Patients, for whom a flexible "slipper" style prosthesis would be indicated, had an opportunity to participate in this pilot evaluation. These devices were fit as a usual and customary treatment option, along with other styles, such as thermoplastic AFO's and foam inserts. It is not uncommon for many of these patients to have several styles of partial foot prostheses.

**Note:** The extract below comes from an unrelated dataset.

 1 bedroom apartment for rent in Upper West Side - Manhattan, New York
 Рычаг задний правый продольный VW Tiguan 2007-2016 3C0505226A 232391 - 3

Alginate impressions of the patient's amputated side were made and filled with a lab stone. The patient's sound side was matched to an "off the shelf" foot shell to determine the size and shape of the prosthesis. A wax sculpture of the prosthesis was constructed on the stone positive, which had been modified to achieve tension. A three part mold was fabricated and the lost wax method was used to replace the wax with tinted silicone. The end result was a semi custom silicone prosthesis that intimately surrounds the residuum providing protection, cosmesis and excellent suspension. These devices were delivered then monitored through follow up visits. The patient's acceptance or rejection of the prosthesis was documented. Any patient comments regarding fit, cosmesis, or comparisons to past prostheses were noted.

Introduction

According to a 2005 study, toe and foot amputations account for 43 percent of all lower limb amputations in the United States (3). Doug Smith, MD, writes that this increase is due mainly to the fact that "We understand the surgery and healing process better..." (4). in the past, orthopedic surgeons focused "too closely on preserving as much bone length as possible" which in some cases led to skin breakdown and ultimately to a higher level of amputation (4). Surgical techniques involving partial foot amputations no longer emphasize preserving "a little extra bone simply for the sake of saving it..."(4). These surgeons have begun to realize that "if there is inadequate padding and the end of the residual limb is not durable enough ...to withstand the forces of walking, even with the best prosthesis, pain, ulceration and infection can result" (4). While preserving as much toe lever as possible eases the patient's return to normal gait, it can also have negative results if there is not ample soft tissue coverage. Smith believes that the focus "on preserving as much bone as possible" can be lead to detrimental outcomes(4). He suggests "striking a balance between bone, muscle, skin and nerves" in order to achieve "a well padded shorter residual limb" (4). The benefits of this level of amputation include":1) the preservation of end weight bearing, 2) better proprioception, 3) reduced rehabilitation time 4) a more efficient gait with less energy expenditure and 5) distinct psychological advantages resulting from a less severe change in body image and less conspicuous prosthetic gait."(5).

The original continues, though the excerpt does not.